__What is being asked__
In the records below, find the line with "Das alte Schloss Gutenfeis bei Caub am Rhein" and the line with "SAFFRON MILK CAKE | TRES"; return exactly those lines and every line between them.

Dataset records
-- -- --

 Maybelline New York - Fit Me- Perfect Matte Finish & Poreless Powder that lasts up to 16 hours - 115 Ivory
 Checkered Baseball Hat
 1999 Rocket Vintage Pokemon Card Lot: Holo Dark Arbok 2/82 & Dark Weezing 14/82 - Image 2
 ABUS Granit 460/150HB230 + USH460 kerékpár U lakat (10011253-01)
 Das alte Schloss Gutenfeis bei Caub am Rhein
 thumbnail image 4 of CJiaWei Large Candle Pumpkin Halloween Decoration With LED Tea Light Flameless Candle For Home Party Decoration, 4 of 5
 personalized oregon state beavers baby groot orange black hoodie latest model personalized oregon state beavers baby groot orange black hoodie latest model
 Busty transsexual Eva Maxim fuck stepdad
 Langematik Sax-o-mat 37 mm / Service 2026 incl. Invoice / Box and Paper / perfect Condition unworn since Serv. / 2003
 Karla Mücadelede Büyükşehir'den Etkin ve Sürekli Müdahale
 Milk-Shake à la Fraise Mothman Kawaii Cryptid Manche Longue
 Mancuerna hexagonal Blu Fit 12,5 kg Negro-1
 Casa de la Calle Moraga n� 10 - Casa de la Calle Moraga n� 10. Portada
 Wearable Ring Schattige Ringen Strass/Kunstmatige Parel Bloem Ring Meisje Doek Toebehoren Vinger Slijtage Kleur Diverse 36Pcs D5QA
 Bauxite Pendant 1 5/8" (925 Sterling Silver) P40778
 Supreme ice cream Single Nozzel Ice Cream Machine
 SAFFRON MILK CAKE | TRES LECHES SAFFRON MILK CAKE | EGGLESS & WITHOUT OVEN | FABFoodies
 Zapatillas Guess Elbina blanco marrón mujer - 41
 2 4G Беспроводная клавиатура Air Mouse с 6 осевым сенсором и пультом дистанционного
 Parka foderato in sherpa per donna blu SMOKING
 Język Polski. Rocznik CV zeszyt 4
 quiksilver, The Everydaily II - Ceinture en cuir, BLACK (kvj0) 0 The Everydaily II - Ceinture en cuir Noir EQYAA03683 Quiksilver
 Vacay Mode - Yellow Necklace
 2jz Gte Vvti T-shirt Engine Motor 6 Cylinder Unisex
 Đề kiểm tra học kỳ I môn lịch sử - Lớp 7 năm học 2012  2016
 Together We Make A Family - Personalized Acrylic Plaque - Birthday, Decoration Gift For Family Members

-- -- --

__Solved exercise__
 Das alte Schloss Gutenfeis bei Caub am Rhein
 thumbnail image 4 of CJiaWei Large Candle Pumpkin Halloween Decoration With LED Tea Light Flameless Candle For Home Party Decoration, 4 of 5
 personalized oregon state beavers baby groot orange black hoodie latest model personalized oregon state beavers baby groot orange black hoodie latest model
 Busty transsexual Eva Maxim fuck stepdad
 Langematik Sax-o-mat 37 mm / Service 2026 incl. Invoice / Box and Paper / perfect Condition unworn since Serv. / 2003
 Karla Mücadelede Büyükşehir'den Etkin ve Sürekli Müdahale
 Milk-Shake à la Fraise Mothman Kawaii Cryptid Manche Longue
 Mancuerna hexagonal Blu Fit 12,5 kg Negro-1
 Casa de la Calle Moraga n� 10 - Casa de la Calle Moraga n� 10. Portada
 Wearable Ring Schattige Ringen Strass/Kunstmatige Parel Bloem Ring Meisje Doek Toebehoren Vinger Slijtage Kleur Diverse 36Pcs D5QA
 Bauxite Pendant 1 5/8" (925 Sterling Silver) P40778
 Supreme ice cream Single Nozzel Ice Cream Machine
 SAFFRON MILK CAKE | TRES LECHES SAFFRON MILK CAKE | EGGLESS & WITHOUT OVEN | FABFoodies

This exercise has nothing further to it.